I am puzzled by a couple of things in this conversation; first the idea that HST is better if one has injuries to contend with, and secondly the need for rapid direction and speed change.
Having had both HST and Shuttle on a variety of platforms, admittedly with functioning cruise controls, I found that it was not so much the foot controls that dictated operator comfort, but the general layout of the operator station (the human factors engineering). It seemed to me that no matter the transmission operating system, the operator HF is the driving factor to comfort. A lot of our tasks require us to look over our shoulders at the implement. Some operator stations enable that with ease while others are badly laid out and cause ones knees or elbows to come in contact with controls they should not contact while doing that. Knees on the steering column while checking the snow blower is a common one I have found.
The second puzzler is the need to switch direction (forward to backwards) quickly. We did a lot of earthmoving over the years while rebuilding our farm following a serious house fire. While I loved the hi/lo button on the loader stick on the NH45, it was only marginally more efficient than switching range and shuttle direction on the Branson 35 loader tractor we have now. I think for most of us, seat time is relaxing and contemplative. As a practicing engineer I have solved some of the knottiest problems while getting seat time. I even sketched out the structure for a book on the inside of the cab window with a grease pencil once! My point is that if we seek the peace of doing our chores with a tractor, why are we in such a hurry? Reducing revs to change the shuttle introduces a comforting rhythm to the work in my experience. If I want frenetic driving I will go to the city.
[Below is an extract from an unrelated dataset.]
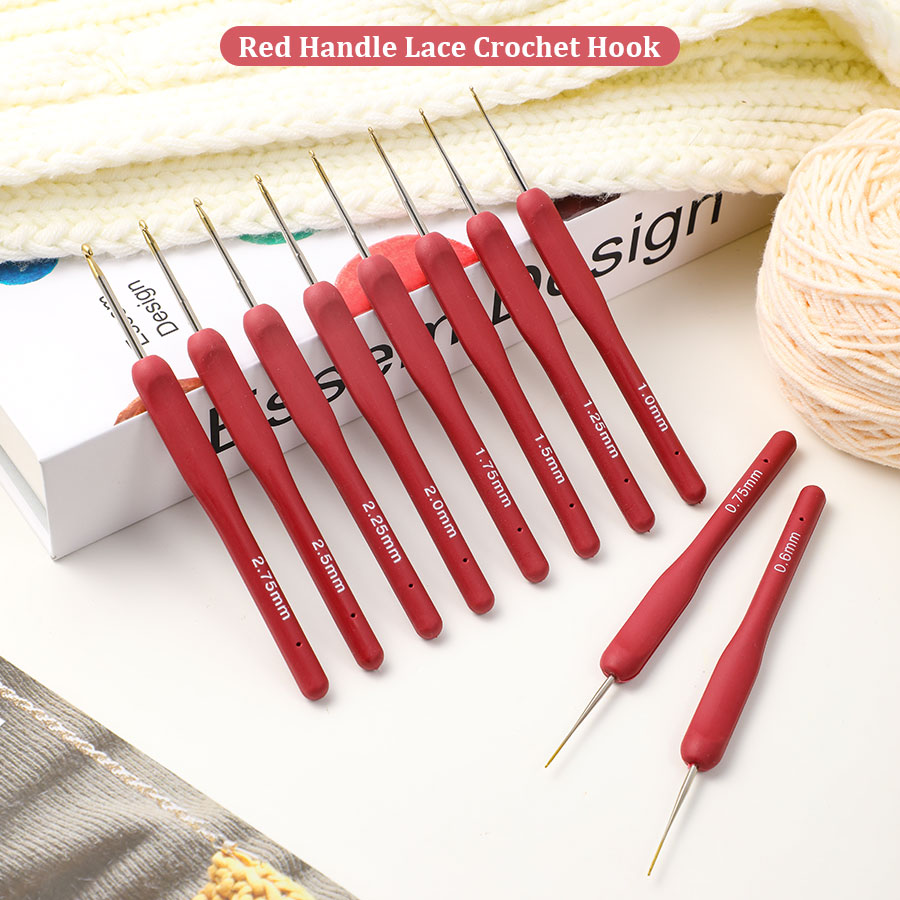 Crochet Hook Set - 10pcs 레드 크로 셰 뜨개질 세트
Finally, I notice that there is little mention of the power penalty for HST. While it is improving all the time, HST transmissions still typically deliver 15%-18% less power to the ground for the same engine HP. In a lot of cases this is not a significant drawback, but on our farm where the equipment must move commercial square bales, grade the driveway, blow the snow, mow the pastures, operate a timber winch and a 7" wood
chipper, it is. The Branson 66 shuttle will do all that no problem; the Branson 35ih (HST) would not. We switched the 35ih for a new 35 gear drive and the difference was night and day. Both tactors can now do all the work (apart from chipping) so in effect we almost doubled our work force.
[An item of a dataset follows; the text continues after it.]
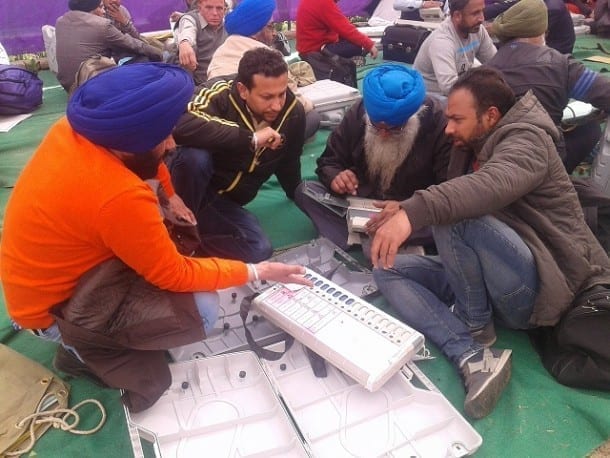 Authorities checking EVMs at Khadoor Sahib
IMHO, and largely in agreement with the much more experienced voices on this forum, choose the tractor that suits the purpose but pay particular attention to how the operator station is laid out. Turn around in the seat and see what your elbows and knees bang into. Try and operate the draft controls in that position. Try and keep contact with the HST pedals or reach and operate the clutch. The power penalty only really matters for some. In our case it really mattered. In yours it might not.